Do brain cells need to be connected to have meaning?

The title of this article is, I think, a little bit misleading. The article actually discusses a paper by Asim Roy in which he supports a localist model of the brain, that is, a model where a single neuron represents a high-level concept - such as a dog. The article also contains criticism of his views by David Plaut and James McClelland. The different points of view expressed by these 3 people give some idea of the complexity involved in trying to decipher how the brain processes information.

A short excerpt from the Medical Xpress article:

(Medical Xpress)—The classic theory of the brain is one of connections, in which the brain consists of a network of neurons that interact with each other to allow us to think, see, interpret, and understand the world around us. In this model, called distributed representation, an individual neuron by itself has no inherent meaning, but only contributes to a pattern of neuronal activity that has meaning. For example, a certain pattern of many neurons fires when you think "dog" and another pattern for "cat."

"The belief in distributed representation theory is that a concept or object is not represented by a single neuron in the brain but by a pattern of activations over a number of neurons," explains Asim Roy, a professor of information systems at Arizona State University, to Medical Xpress. "Thus there is no single neuron in the brain representing a cat or a dog. Proponents of this theory claim that a cat or a dog is represented by its microfeatures such as legs, ears, body, tail, and so on. However, they think that neurons have absolutely no meaning on a stand-alone basis. Therefore, they go further and claim that these microfeatures are at the subsymbolic level, which means that meaning arises only when you consider the pattern of activations as a whole. Therefore, there are no neurons representing legs, ears, body, tail, etc. The representation is at a much lower level."

Roy is among a number of scientists working in the fields of neuroscience and artificial intelligence (AI) who suspect that the brain may not be as connected as distributed representation suggests. The basis of their alternative model, called localist representation, is that a single neuron can represent a dog, a cat, or any other object or concept. These neurons can be considered symbols since they have meaning on a stand-alone basis. However, as Roy explains, this doesn't necessarily mean only one neuron represents a dog; such "concept cells" are high-level neurons, which fire in response to the firing of an assortment of low-level neurons that represent the legs, ears, body, tail, etc.

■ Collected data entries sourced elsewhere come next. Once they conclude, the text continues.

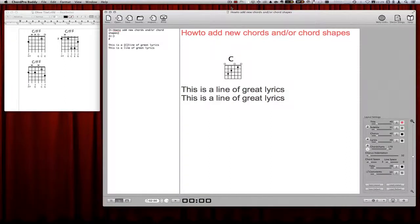Hi folks! Today I will show you how easy it is to add new chords or new chord shapes to ChordPro.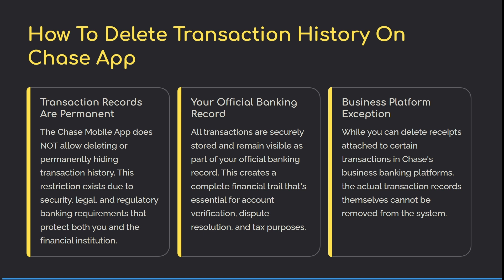So while you can delete receipts attached to certain transactions in Chase's business banking platform, the actual transaction records themselves cannot be removed from the system. You will need to create a brand new Chase account. I hope this was insightful.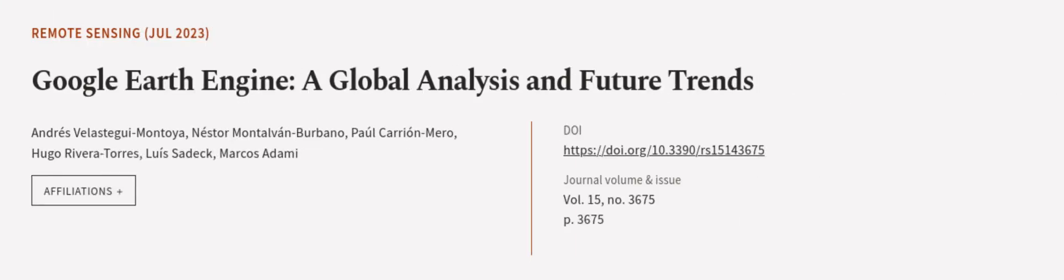This article was authored by Andres Velastegi Montoya, Nestor MontalvanUrbano, Paul Carino Mero, and others.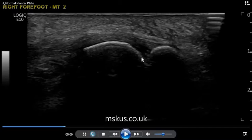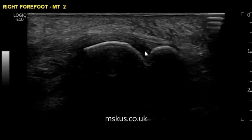In this image, there appears to be a relatively hypoechoic area within the deeper articular side of the plantar plate, suggestive of a tear. However,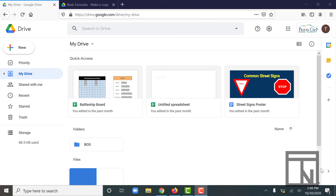Welcome back to Business Office Specialist. In today's video we're going to be looking at how to create simple formulas and basic functions in Google Sheets. To help us with this assignment, we're going to use a pre-built workbook called Basic Formulas.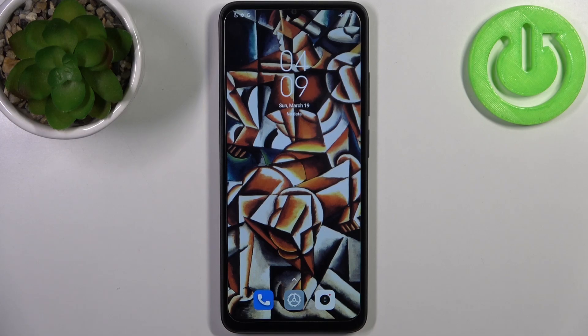Here I have Xiaomi Redmi A1 Plus and today I'm going to show you how to enter recovery mode on this device.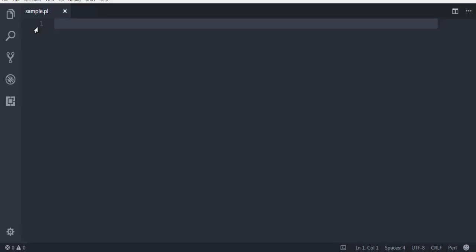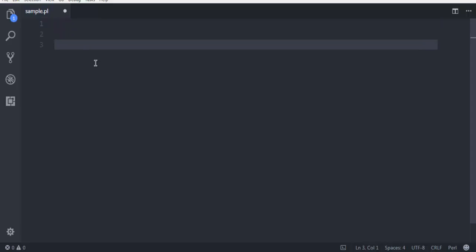I have created this sample.pl file. Now here I am going to create my first list. In order to create a list, you use the @ symbol — let's say @list — and here I'm going to make it a list of numbers: 2, 20, 40, 60, 80, 100, and 120. End it with a semicolon.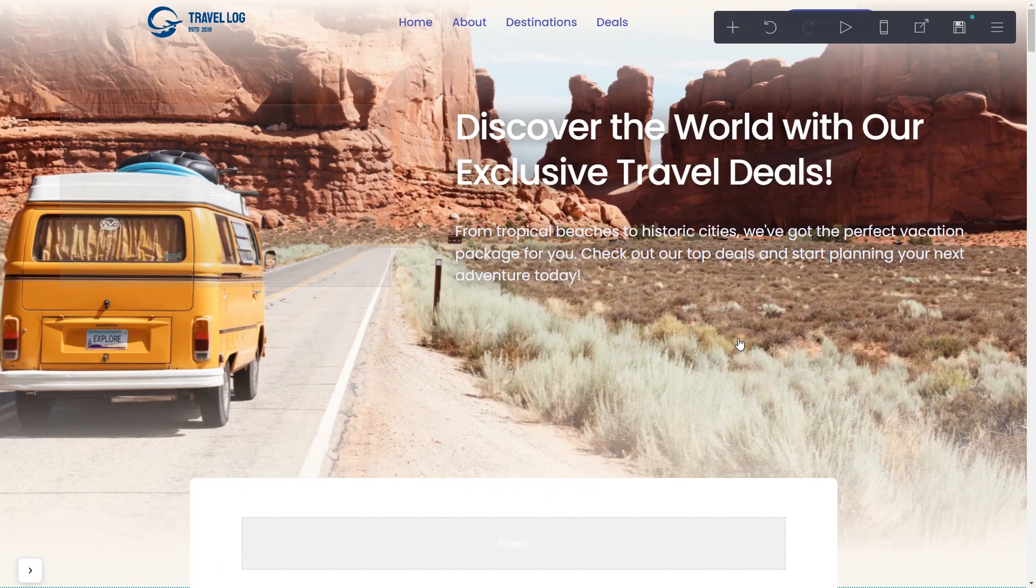Please note, the widget content will not show in the editor and will only be visible once the page is published.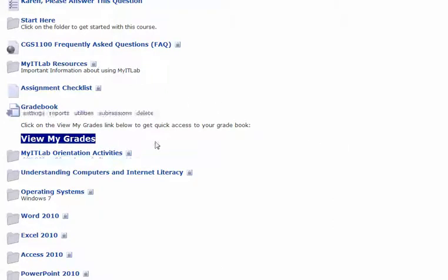First, if you mouse over the little lock, it'll tell you exactly what the password is. Now, just so that you know, that does not happen for students. It only happens for course editors.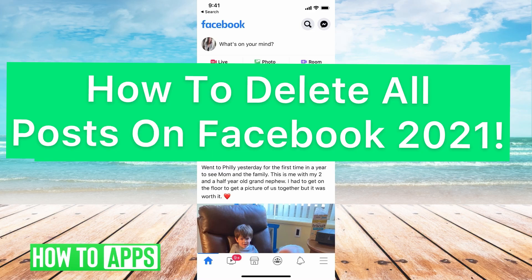Hey guys, it's Michaela and today I'm going to walk you through how to delete all posts on Facebook.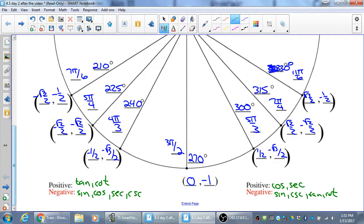Of sine, cosine, and tangent, the mnemonic is 'All Students Take Calculus.' All are positive in Q1, Sine is positive in Q2, Tangent is positive in Q3, and Cosine is positive in Q4. Yes, I know all students don't actually take calculus, but that's the mnemonic — we need something that starts with C.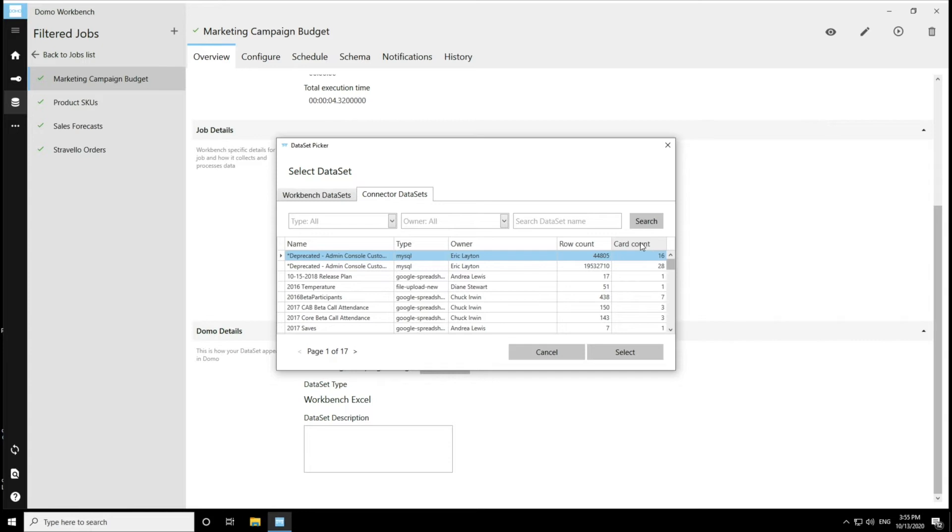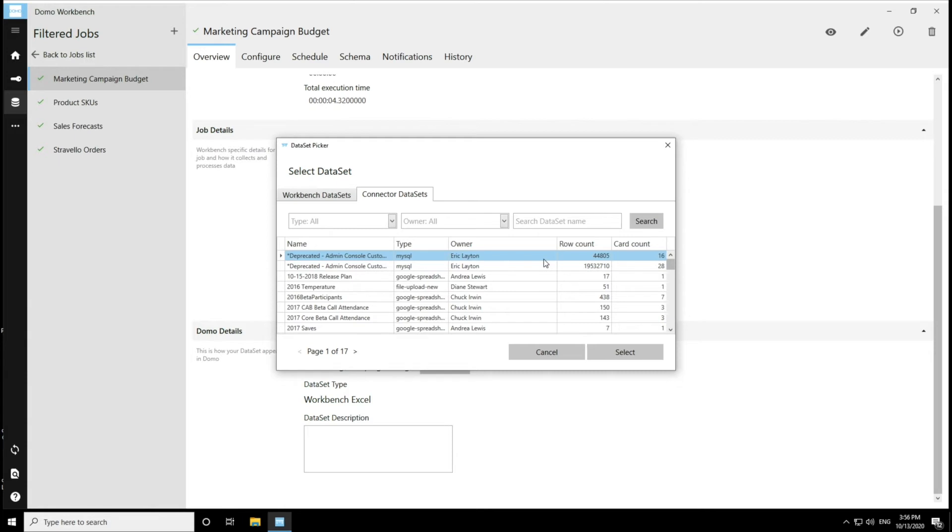I am currently seeing all the data sets in Domo that have been shared with me to some level, whether it's just shared, whether it's editor permission, or whether it's owner permission. I am only going to be able to take over data sets that I have owner permission or editor permission.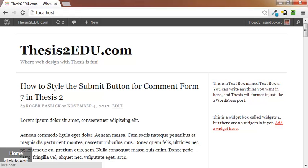Hi guys, this is Roger Eastlick once again with thesis2.edu.com and in this quick video I wanted to show you a new opt-in box for Aweber that I've produced or created for Thesis 2.0.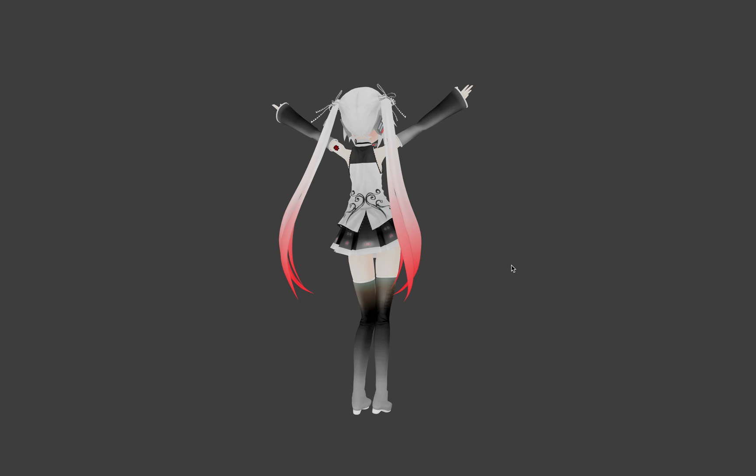Hello, welcome back to BSLive. In this episode I want to talk again about MMD or MikuMikuDance.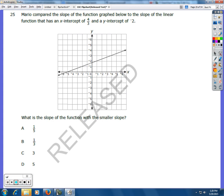This is the fifth video installment in Math 1 EOC release test, working through the questions on that test. This is number 25. Mario compared the slope of the function graphed below to the slope of the linear function that has an x-intercept of 4/3 and a y-intercept of negative 2. What is the slope of the function with the smaller slope?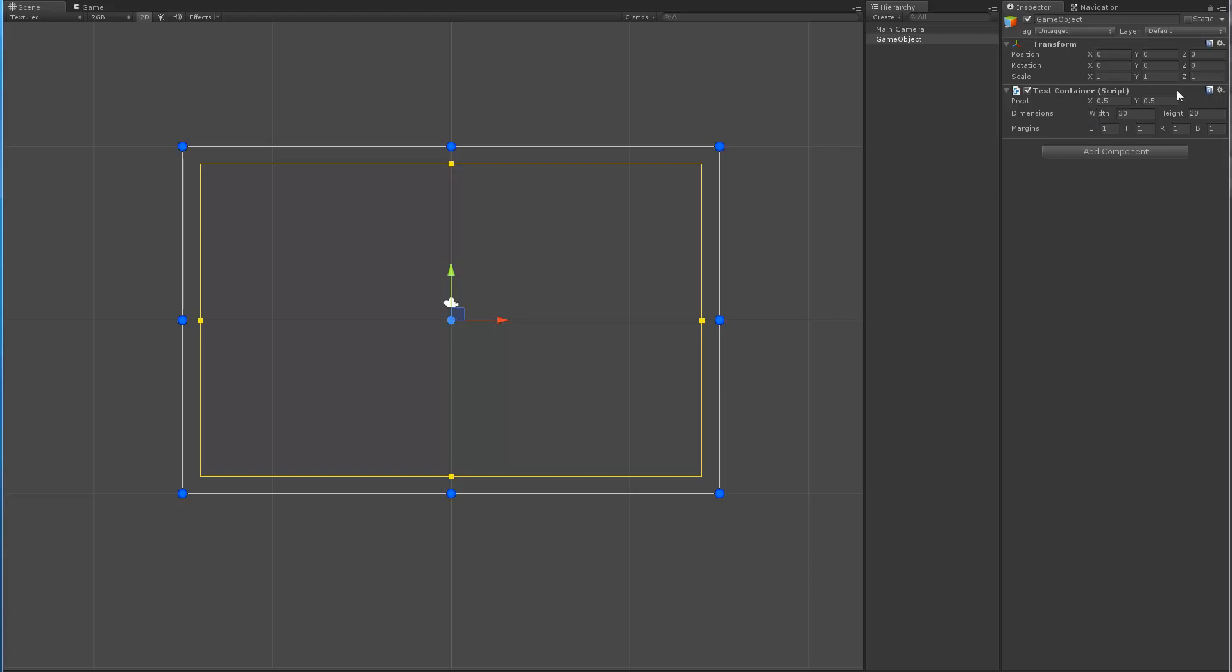Right now you can specify where this anchor is going to be. I call it a pivot but it's going to be an anchor. Most likely this will become an enum where you pick top left, top right, and so on. You can specify the dimensions of this container and then the margins themselves.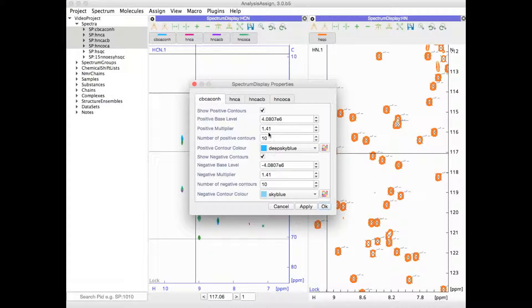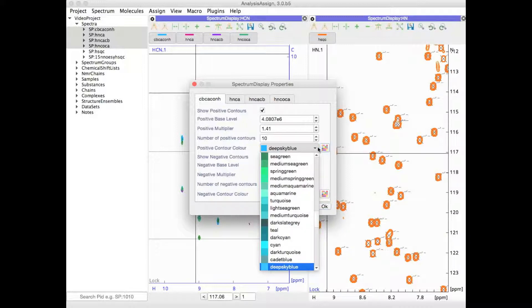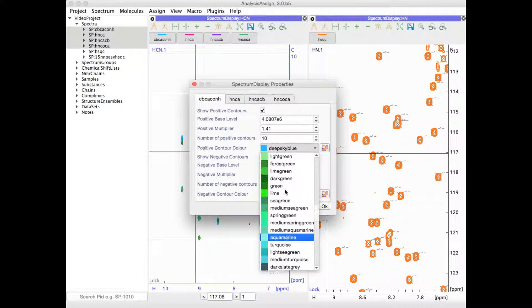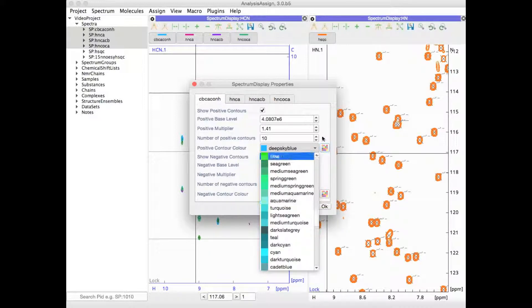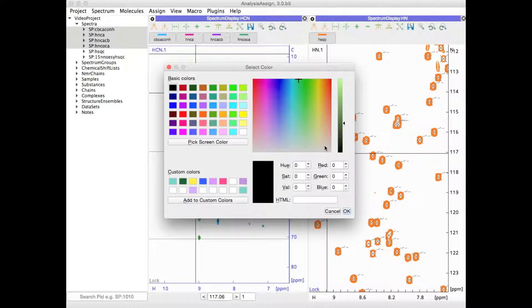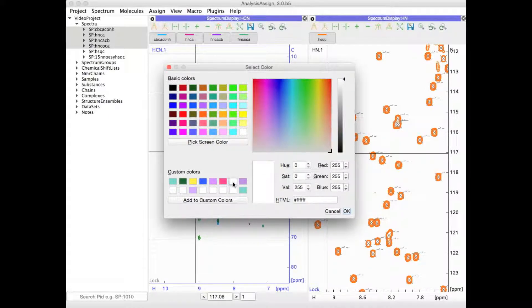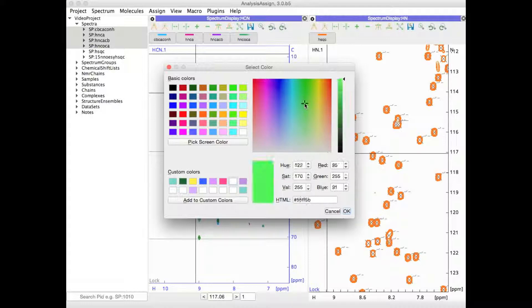You can also select whether to draw positive or negative contours or not. You can select from a whole range of different colors and also choose custom colors. Simply select a new box where you want to place your custom color, choose the color and add it in.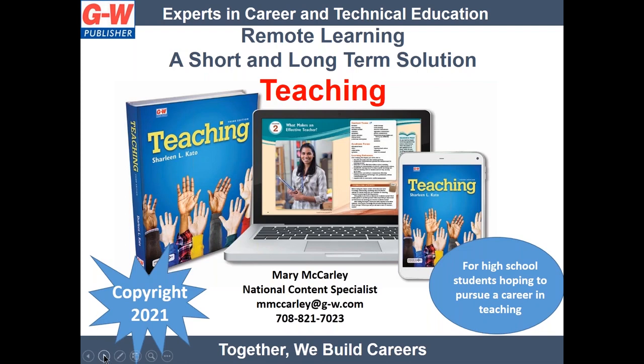Hi, my name is Mary McCarley. I am the National Content Specialist with Good Heart Wilcox. I was a teacher for 15 years in Charlotte Mecklenburg Schools as a high school health teacher. I now provide professional development and training for our health and CTE titles.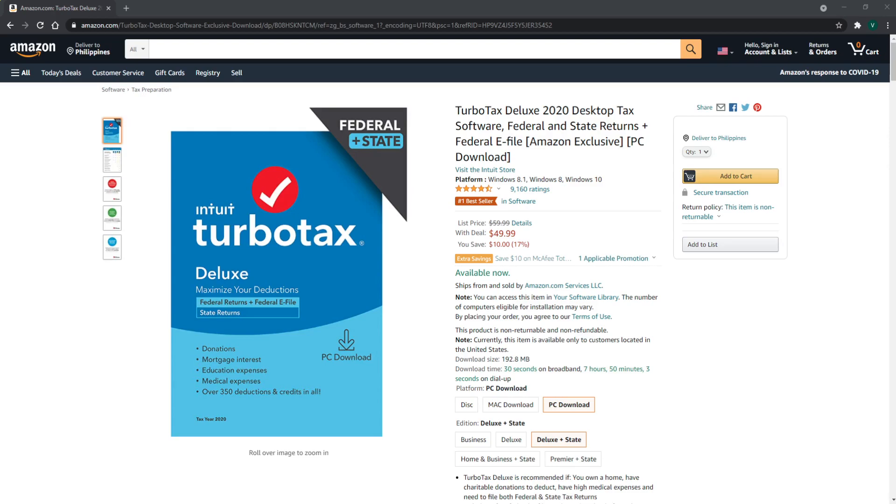Thank you guys so much for watching. Don't forget to check out TurboTax's Amazon link in the description if you're interested. Comment down below if you've been looking for something like this, and we hope that we helped. We'll see you in the next video, bye!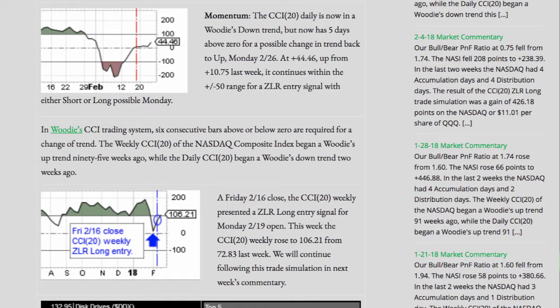In Woody's CCI trading system, 6 consecutive bars above or below 0 are required for a change of trend. The weekly CCI 20 of the NASDAQ Composite Index began a Woody's uptrend 95 weeks ago, while the daily CCI 20 began a Woody's downtrend 2 weeks ago.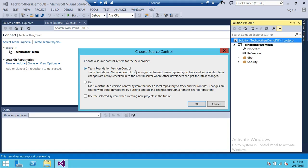Team Foundation Version Control means that every check-in and check-out will create a version for us. Every check-in will create a new change set in Team Foundation Server, using whatever version control method you have configured. For this demo, I'm going to go ahead and click on Team Foundation Version Control. Click OK.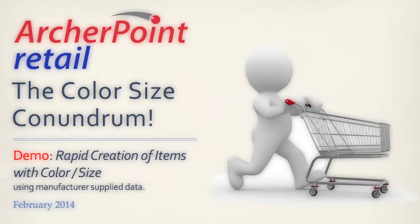Hello, my name is Matt Street and I'm the retail operations lead at ArcherPoint. Today, we're going to explore rapidly setting up items with color size attributes.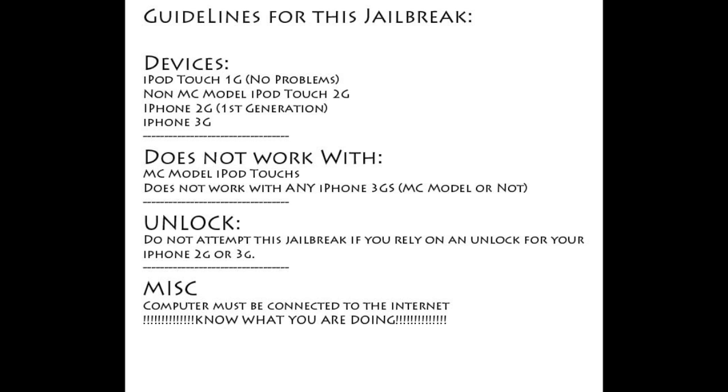Hey guys, before we get started on this jailbreak, here are some guidelines for the 3.1.3 jailbreak.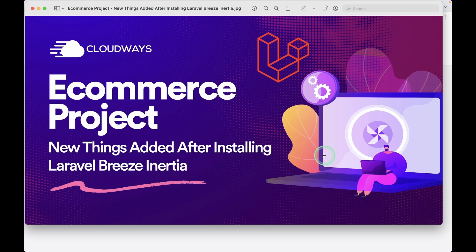I hope this introduction gave you a good overview of what's added after installing Laravel Breeze with Inertia.js. From the next video, we'll start CRUD for roles and permissions, then users, categories, and products. After that, we'll work on the front end — though I'm a terrible designer, so I'll probably use some free resources from the internet. Thank you for watching, have a great day, bye!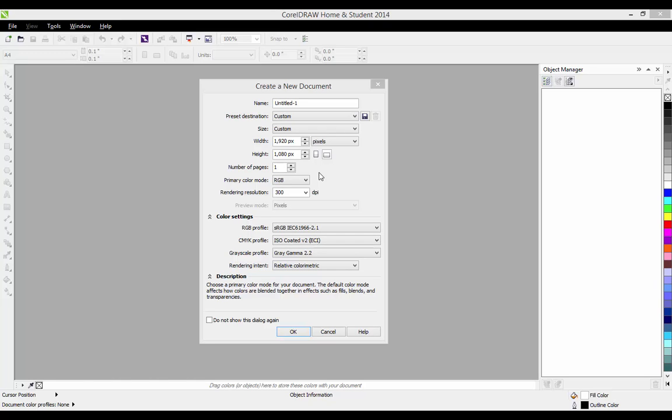Hey guys, Graphite here and today I've got a brand new tutorial for you. This time we're going to be working with text and sort of seeing how it works, but in CorelDraw. So let's get started.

"In localist representation, there could be separate neurons for a dog and a cat, and also neurons for legs, ears, body, tail, etc.," he said. "It's very similar to the model in my paper for word recognition, which is an old model from James McClelland <Chair of the Psychology Department at Stanford University> and <the late pioneering neuroscientist> David Rumelhart. You have low-level neurons that detect letters of the alphabet and then high-level neurons for individual words. So letter neurons and word neurons, they both exist."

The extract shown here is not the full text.